**Assignment:**
Within the records below, repeat each line exactly but keep every picture out of the copy.

**Data:**
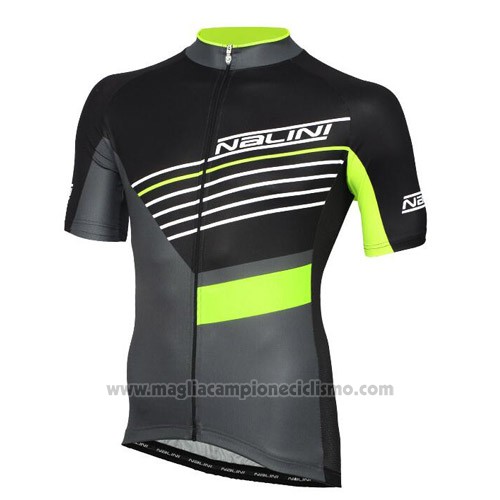 2016 Abbigliamento Ciclismo Nalini Nero e Verde Manica Corta e Salopette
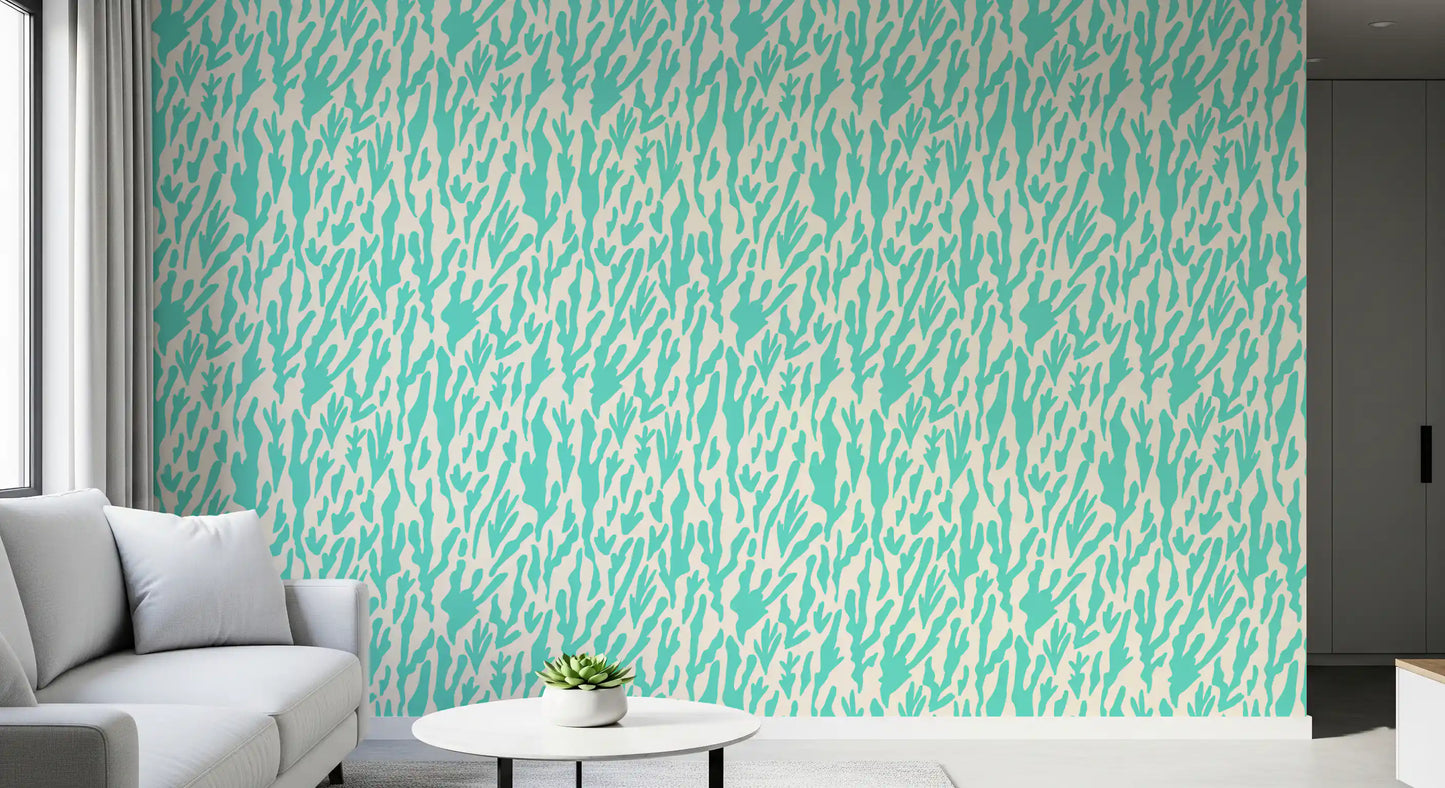 Minimalistisk teal botanisk bølgetapet⁠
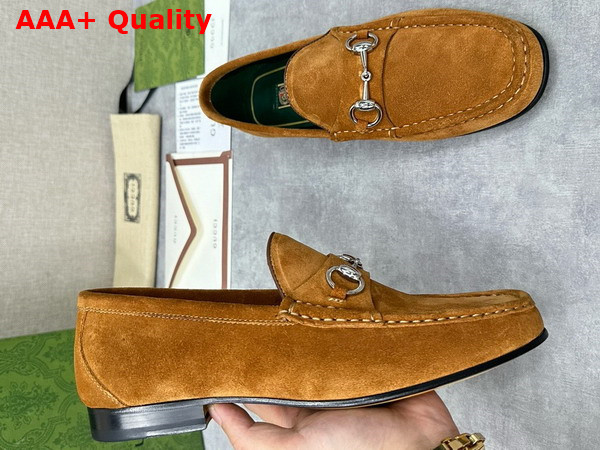 Gucci Mens Horsebit 1953 Loafer in Brown Suede Leather 757769 Replica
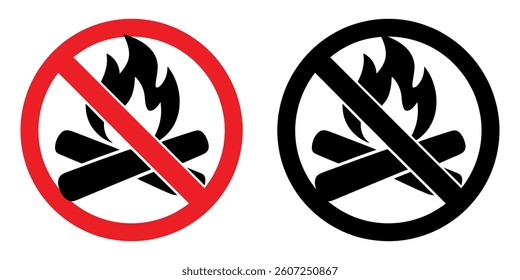 bonfire icon and sign prohibiting bonfire in the forest.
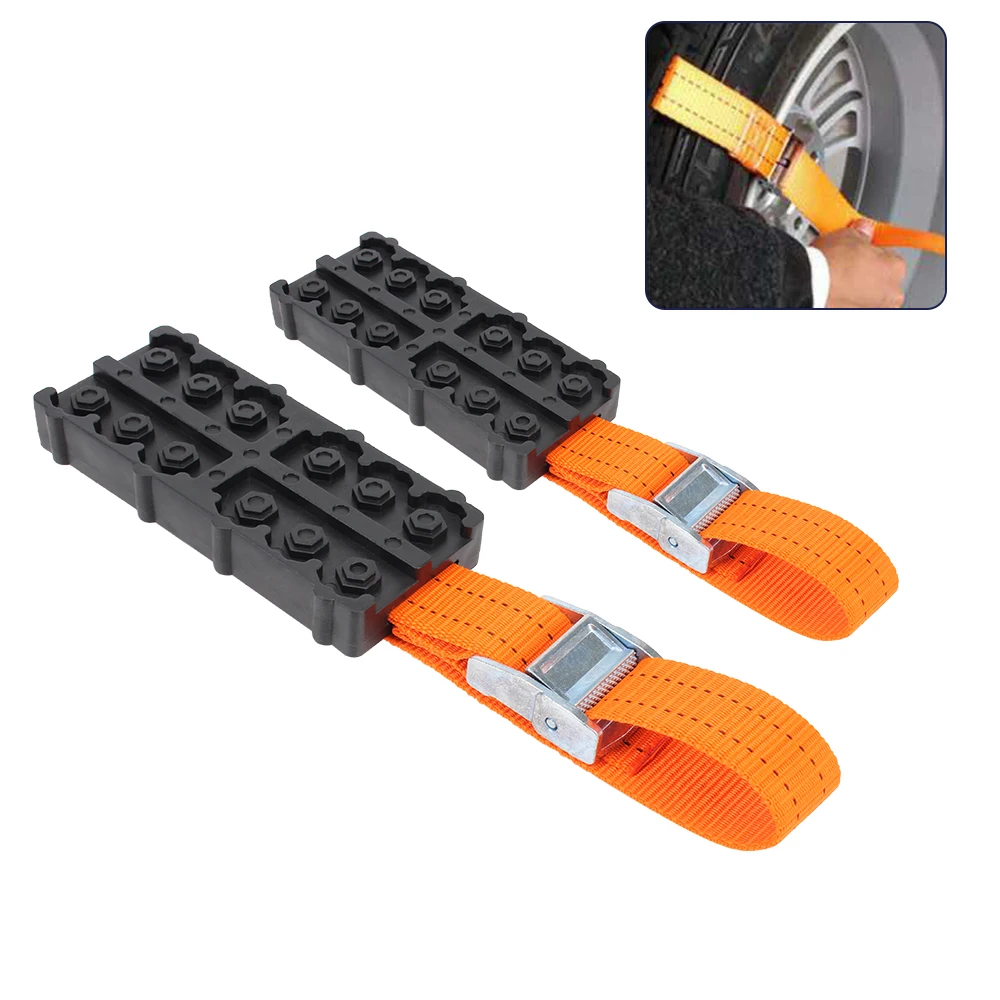 Car Tire Traction Blocks Emergency Snow Mud Sand Tire Chain Straps For Snow Mud Ice Durable PU Anti-Skid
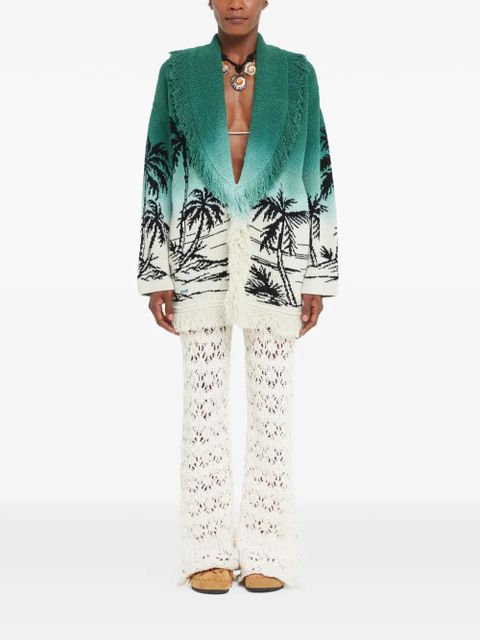 Alanui Wave Bloom fringed cardi-coat - Green - zdjęcie produktu nr 2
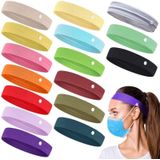 3 PCS Stretch Button Yoga Headband Can Hang Mask(Light Purple )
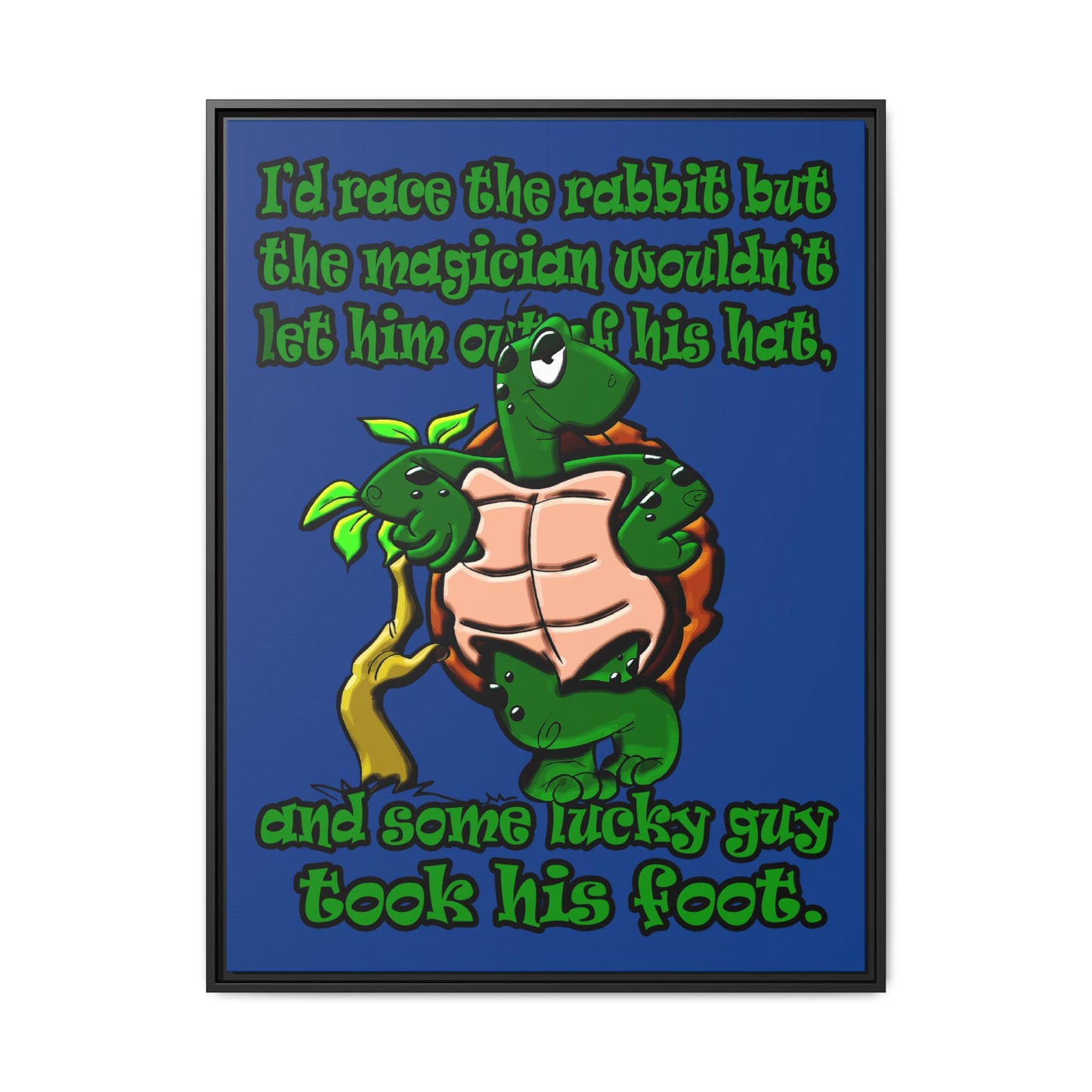turtle race - framed canvas art (dark blue)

**Solution below:**
 2016 Abbigliamento Ciclismo Nalini Nero e Verde Manica Corta e Salopette
 Minimalistisk teal botanisk bølgetapet⁠
 Gucci Mens Horsebit 1953 Loafer in Brown Suede Leather 757769 Replica
 bonfire icon and sign prohibiting bonfire in the forest.
 Car Tire Traction Blocks Emergency Snow Mud Sand Tire Chain Straps For Snow Mud Ice Durable PU Anti-Skid
 Alanui Wave Bloom fringed cardi-coat - Green - zdjęcie produktu nr 2
 3 PCS Stretch Button Yoga Headband Can Hang Mask(Light Purple )
turtle race - framed canvas art (dark blue)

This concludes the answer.